Tivo Bolt >> Yamaha AV receiver >> Samsung TV, all connected via HDMI. Comcast cable (metro Detroit) with cable card.

On cable channels I am seeing very sporadic and infrequent audio dropouts, sometimes accompanied by mild video pixelation a second or two afterwards. If I rewind and play the segment again, the dropout and pixelation occur at the same place. In past events I did not notice if there was any reaction in the Yamaha display when the audio dropped out. However, in the most recent event, the Dolby and speaker icons blanked during the event.

I have not been keeping track but it is my suspicion that this is confined to a small subset of cable channels. Signal strength and S/N are both fine. 

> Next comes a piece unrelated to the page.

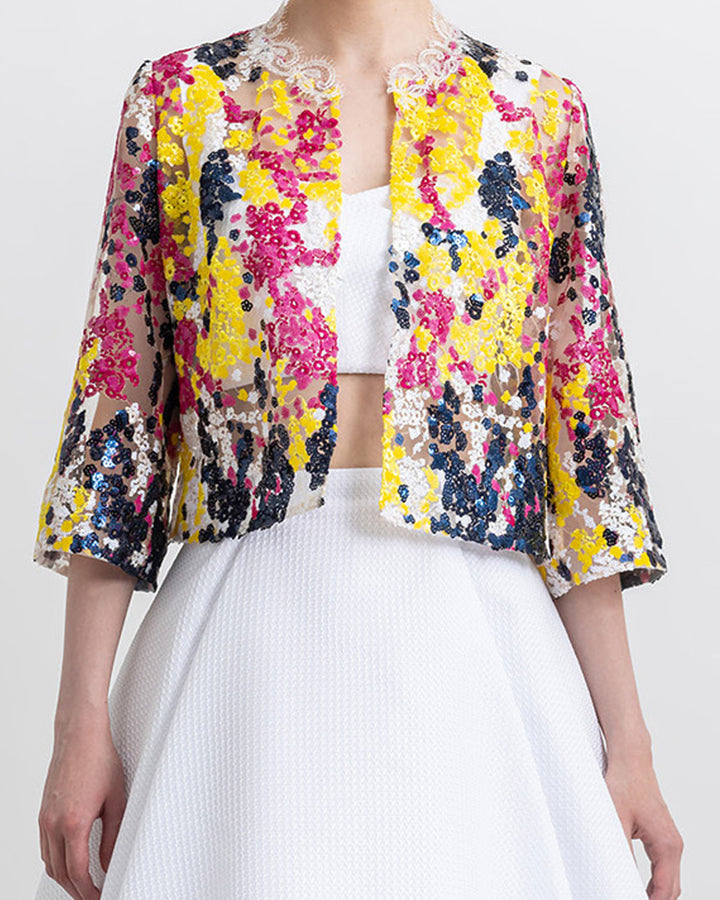 A close-up of an occasion wear featuring a white cropped top paired with a multicolor sequined jacket and a flared white skirt.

I am inclined to believe this is an issue with the signal as delivered by Comcast and not an issue in the bolt, AV receiver or TV but I am wondering if there is any way to be sure this is NOT a local equipment issue. Anyone?

Paul


----------



## JoeKustra (Dec 7, 2012)

There is a high probability you're being fed bad data. There was an audio issue a few years ago and if it did start again you would see a lot of participation. I run my two basic Roamio units to a Yamaha RX-V867. I admit that every month I reset the HDMI connections. Since you can record the junk, it's likely not just random audio dropouts (plus the video glitch).

Since you know how to find Diagnostics, are the bad channels close to each other in frequency? That would point to a bad feed since headend amplifiers usually handle a defined block of frequencies. If the dropouts are in a close group of frequencies, call your cable feed.

If it seems that most channels have dropouts without a pattern, you could ask your cable feed to replace the connector on your drop. Mine lasts about a year. I also see an increase in errors in my modem. An Arris modem has its diagnostics at 192.168.100.1. My Roamio, at this time, has zero RS Uncorrected errors. Like a Bolt, it doesn't display RS Corrected errors. All channels have a signal of 90% (within 2%) and a SNR of 36dB (within 1dB). I consider this normal.


----------



## pgoelz (May 1, 2005)

Thanks Joe. I have not looked recently but I did check a while back when this happened while watching a channel live and did not see any uncorrected errors indicated on the channel I was watching. I assume that would mean the issue was encoded somewhere upstream and not something the Tivo recognized as an error. 

Paul


----------



## pgoelz (May 1, 2005)

This problem has recently re-surfaced. But the symptoms have changed. 

1. The momentary audio dropouts now are NOT accompanied by any video disturbance. 

2. If you rewind and play the same section, there is no dropout. 

3. This is an infrequent issue. But when the dropouts are happening, they seem to occur regularly, maybe every minute or two. When this happens, if you rewind a couple seconds and re-start (or change programs), they go away. 

4. They have happened on Xfinity VOD content as well as recorded cable content. 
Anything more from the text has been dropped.